Blacksmiths form, shape and join metal by hot forging, using both traditional tools and techniques and more modern methods of welding and metal work.
Artist blacksmiths make decorative items such as wrought iron gates, railings, sculptures and furniture. They may produce their own style and designs or create pieces to suit specific commissions. Some are involved in the restoration of antique ironwork.
Many artist blacksmiths are self-employed, so will need to find markets for their work, for example by attending craft shows and fairs, and to carry out the administrative tasks involved in running a business.
Industrial blacksmiths make functional items such as large industrial components, fire escapes and specialist tools.
Blacksmiths use traditional hand tools such as hammers and anvils, as well as power tools, such as power hammers, drills, air chisels and hydraulic presses. Engineering machinery such as centre lathes, millers, grinders and welding equipment may also be used.
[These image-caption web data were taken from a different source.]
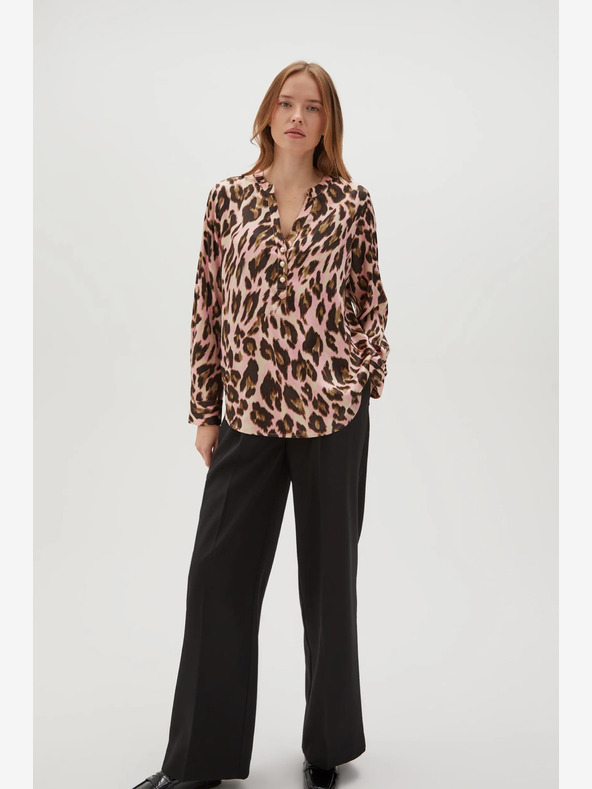 Moodo Rjava in roza ženska vzorčasta bluza Moodo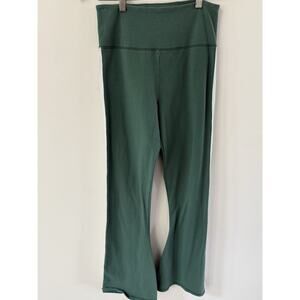 Hollister Flared Leg Pants Ultra High Rise Size M Green White Stripe Cotton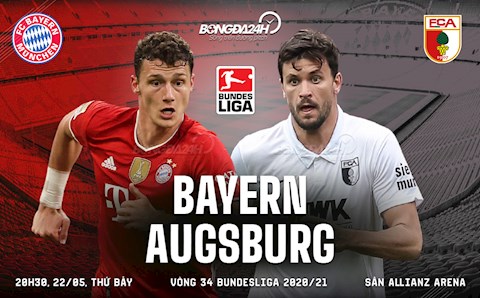 Nhận định bóng đá Bayern Munich vs Augsburg 20h30 ngày 22/5 (Bundesliga 2020/21)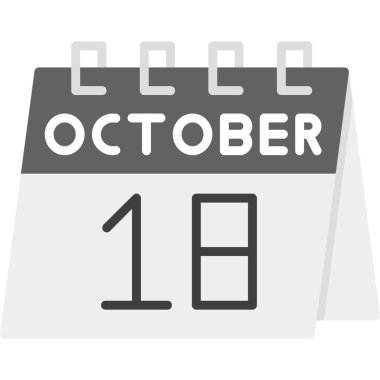 18 - takvim - 2018, takvim, gün, ay - gün. vektör illüstrasyonu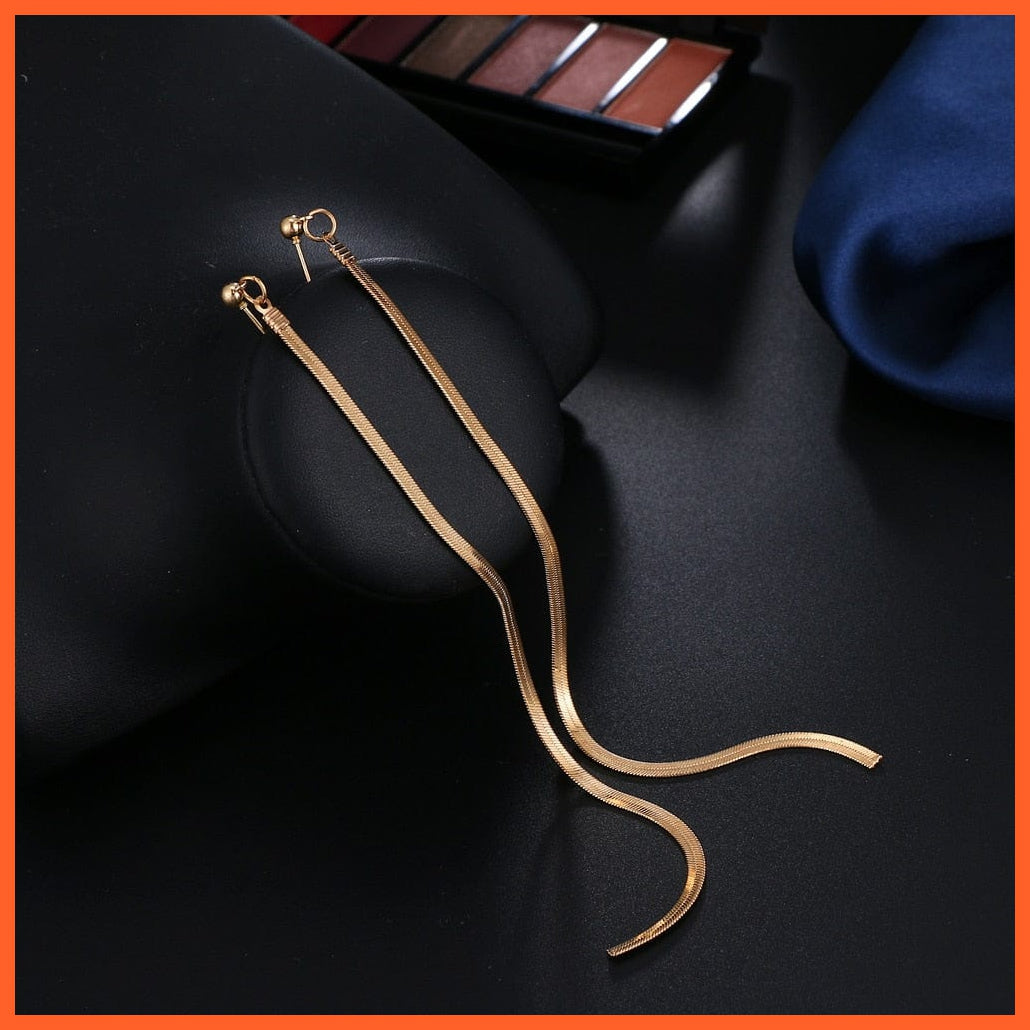 Vintage Gold Color Bar Long Thread Tassel Drop Earrings For Women | Glossy Arc Geometric Korean Fashion Hanging Jewellery | whatagift.com.au.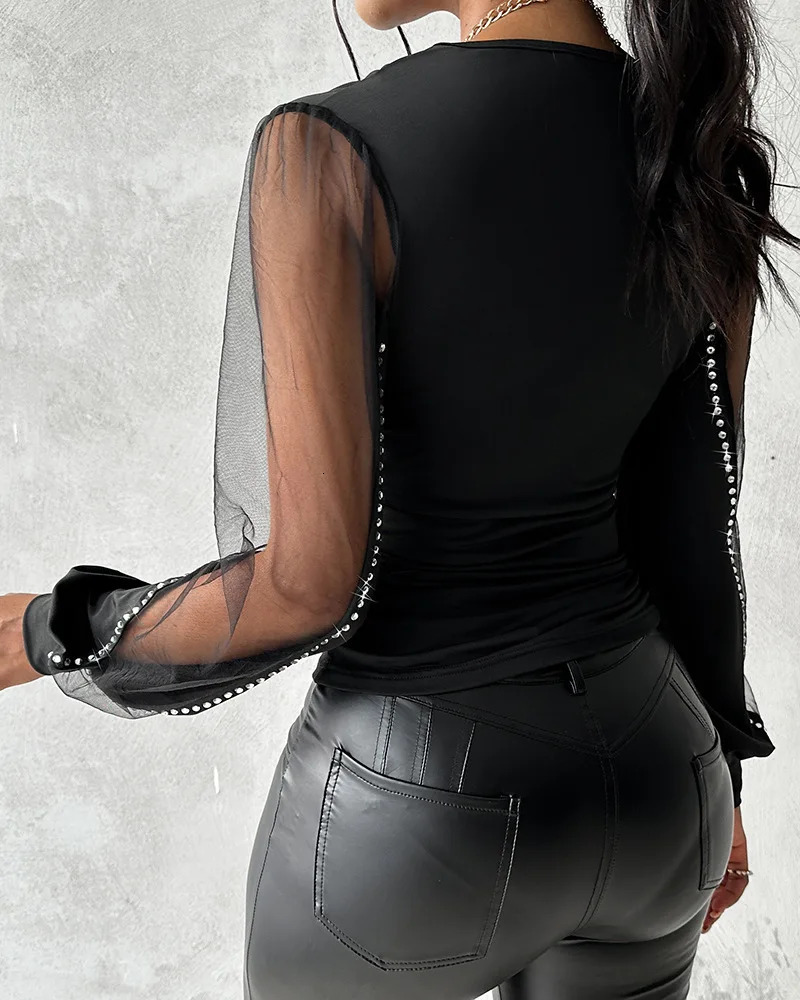 Fashion Sexy Deep V Neck Pullover Shirt Women Tops Elegant Plunge Sheer Mesh Patch Rhinestone Top Blouse Female blusas mujer 250605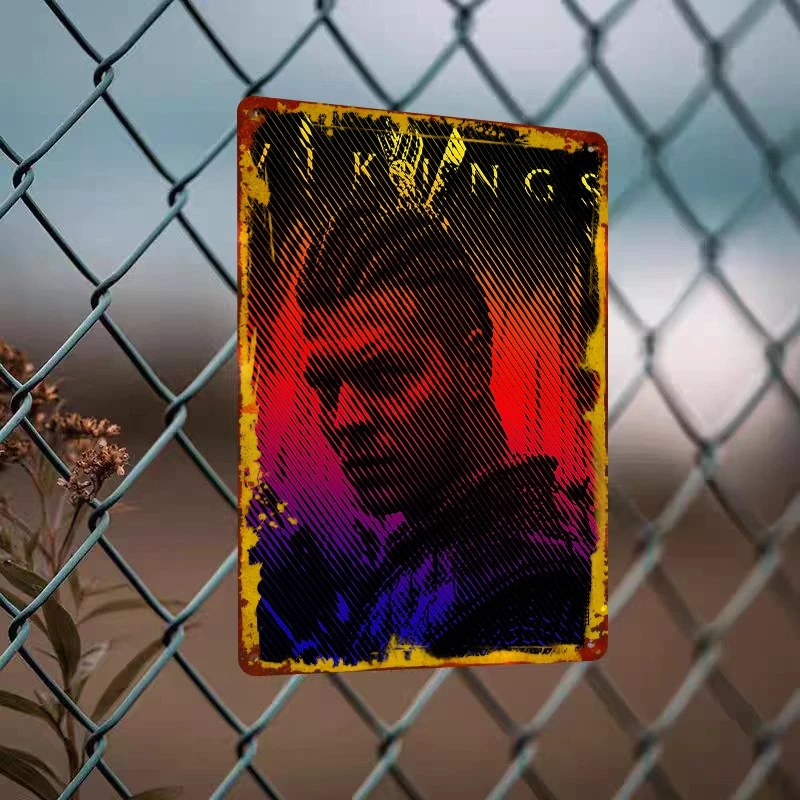 Viking Warrior Metal Wall Art Nordic Mythology Decorative Painting Retro Style Home Decoration for Living Room Bedroom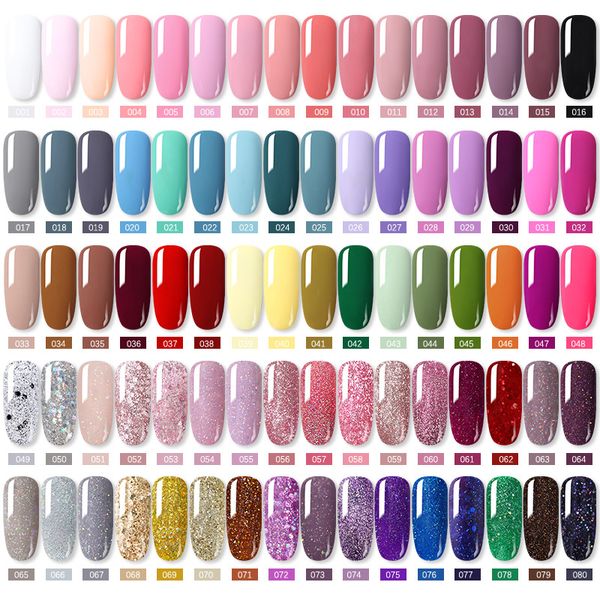 80-Farben-Nagellack-Set, professionelles Nagelgel, semipermanenter Lack für Nägel, Hybrid-Nagelstudio, glitzerndes Nagelgel, wunderschönes, langanhaltendes Nagellack-Gel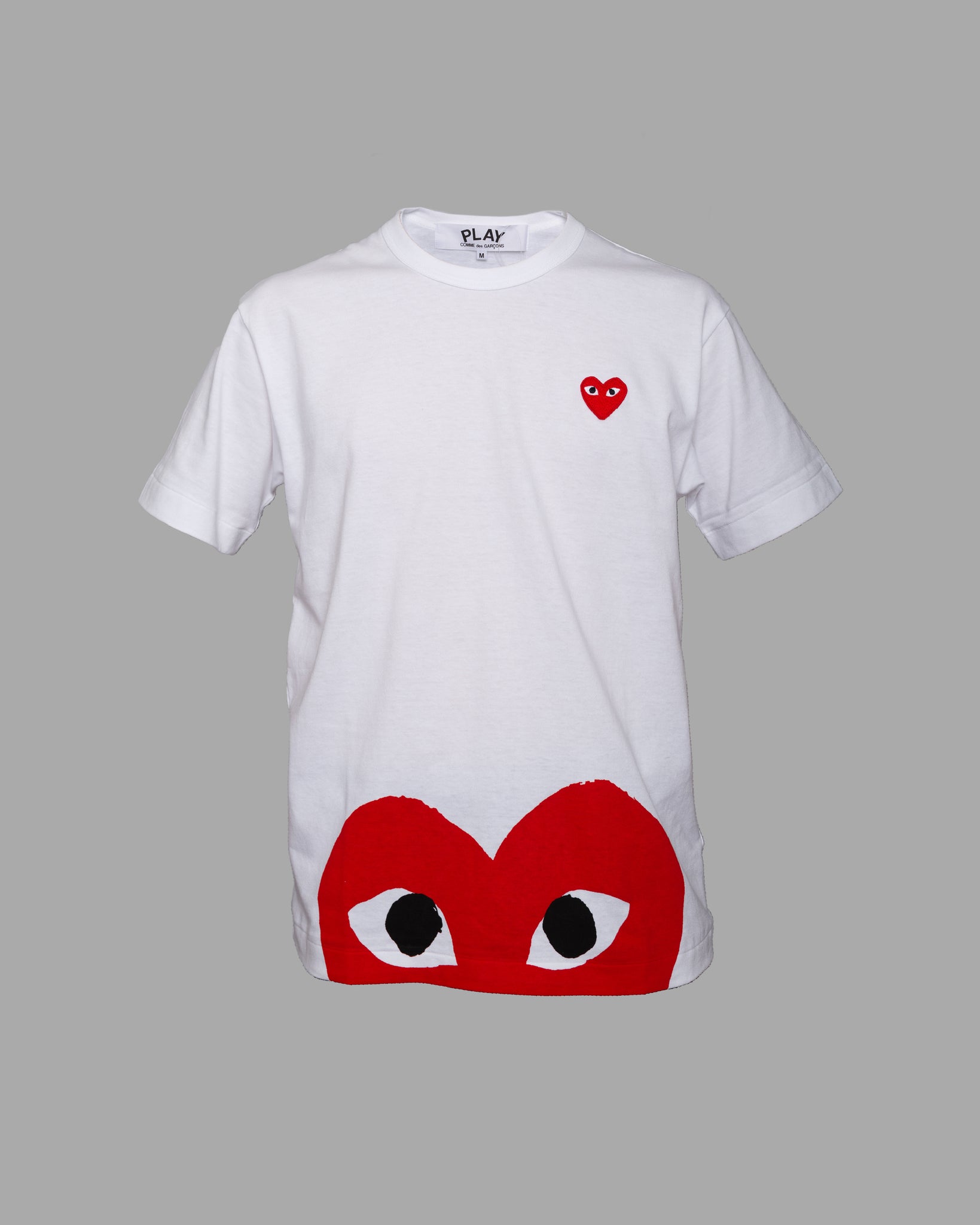 white tee shirt with red heart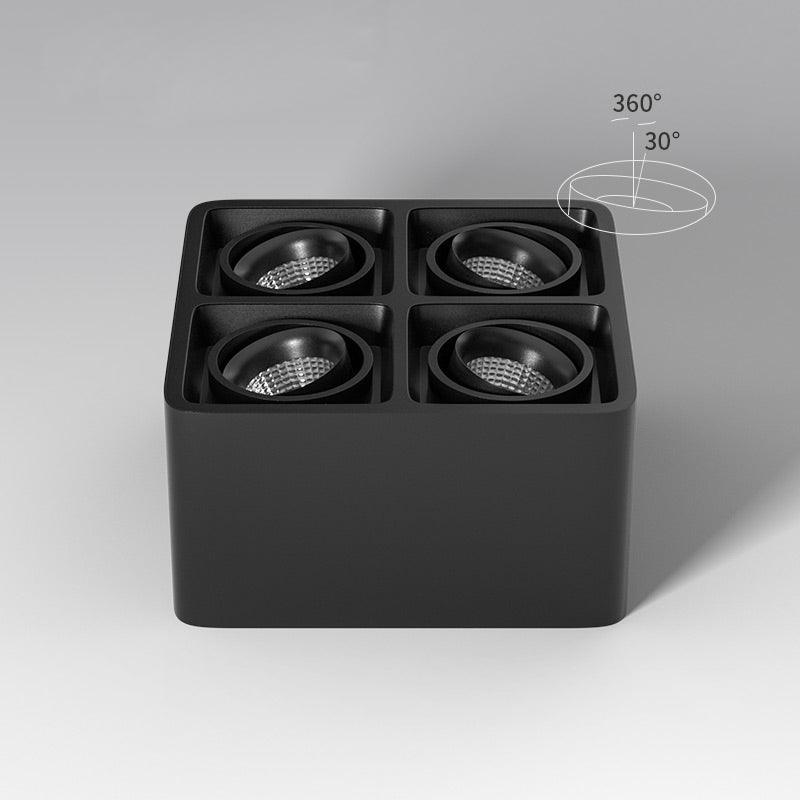 This black four-light Clérachic spotlight render includes a beam-angle diagram showing its 30-degree spread.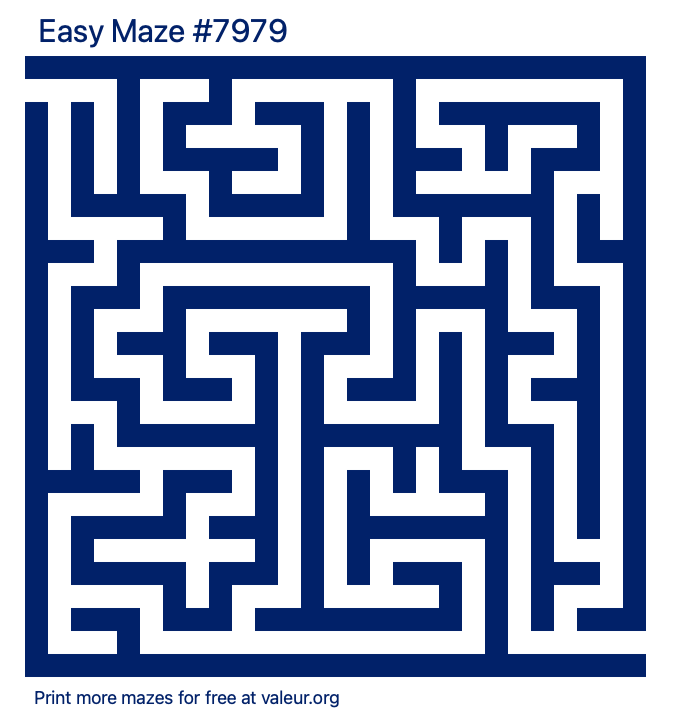 Free Printable Easy Maze number 7979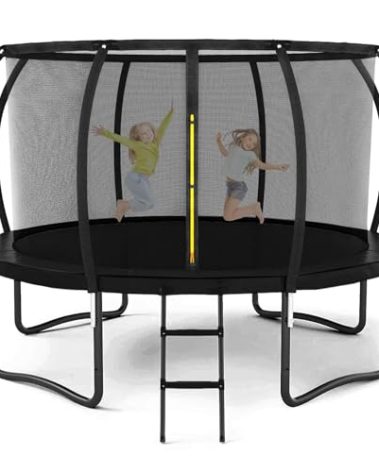 Liyarya 12FT Trampoline for Kids/Adults - Outdoor Trampolines with Enclosure Net Curved Poles and Ladder, Heavy Duty Trampoline for Backyard, Anti-Rust Coating Leg, ASTM Approval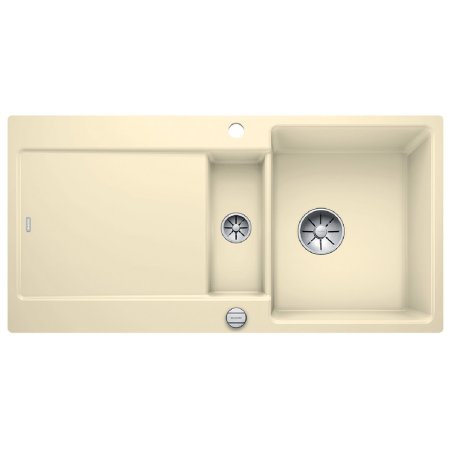 Blanco Idento 6 S-F Zlewozmywak ceramiczny półtorakomorowy 97,6x48,6 cm z ociekaczem, z korkiem automatycznym z powłoką PuraPlus, jaśminowy 522273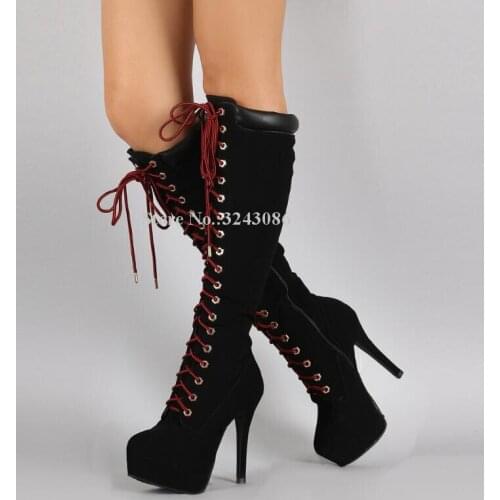 Fashion Black Suede Lace-up Platform Long Boots Women New Mixed Color Stiletto Heel Knee High Boots Ladies Popular Large Size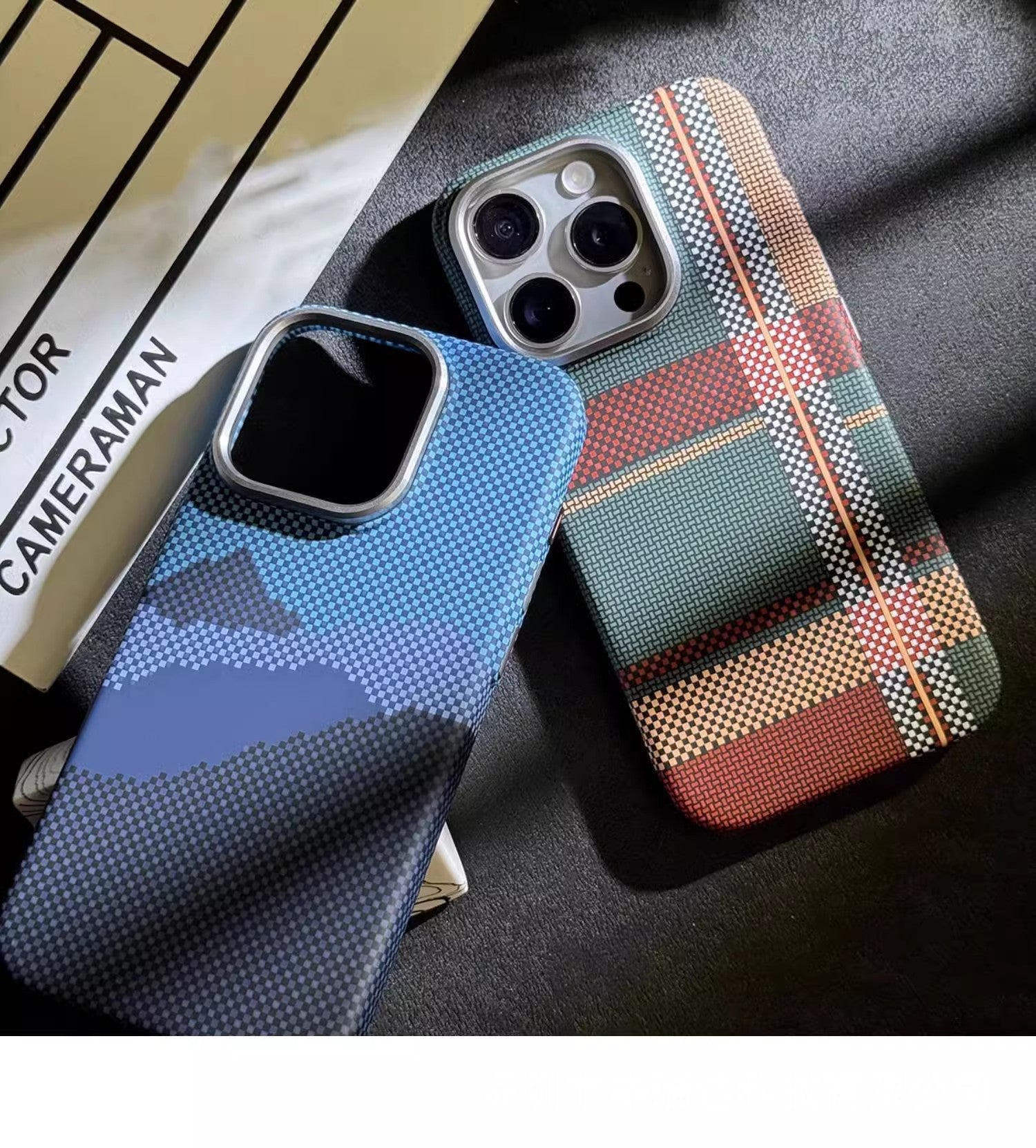 Magnetic Kevlar Carbon Fiber Pattern For iPhone 16Pro 15 Pro Max 14 13 12 Pro Plaid Personalized Phone Case For 12 13 14 Pro Max - Caseverse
Materials used include wrought iron, mild steel, brass, bronze or copper. Blacksmiths heat the metal to the correct temperature so that it can be shaped and, if necessary, joined to another piece of metal by various methods of welding and riveting. Once construction is complete, the metal is ‘finished’ for its required use.
Some blacksmiths are trained and registered as farriers, and shoe horses alongside their blacksmithing work. Please see the Farrier profile for details of this career.
Blacksmiths generally work between 35 and 40 hours a week, Monday to Friday. Overtime may be available. Most blacksmiths are self employed or work in small businesses.
Forges vary in size from a small shed to a large engineering workshop. Most of the work is done under cover, but installation can involve working outdoors on customers' premises. Conditions can be hot, noisy, dirty and contain fumes from oils, paints or chemicals.
The work can be physically demanding, with a lot of standing, lifting and bending. Industrial blacksmithing in particular can involve heavy lifting and strenuous work, although power tools are increasingly used for the heavier aspects.
Blacksmiths wear protective clothing such as boots, apron, gloves, safety glasses or a visor, and ear defenders.
To be a blacksmith you should:
There are opportunities for industrial blacksmiths in the armed forces, mining, docks, steel and engineering for maintenance, repair and production, although demand is decreasing.
Most blacksmiths are self-employed or work for small family businesses. In larger organisations there may be opportunities for promotion to supervisor. Some overseas work may be available.
Artist blacksmiths may also have other jobs to supplement their income.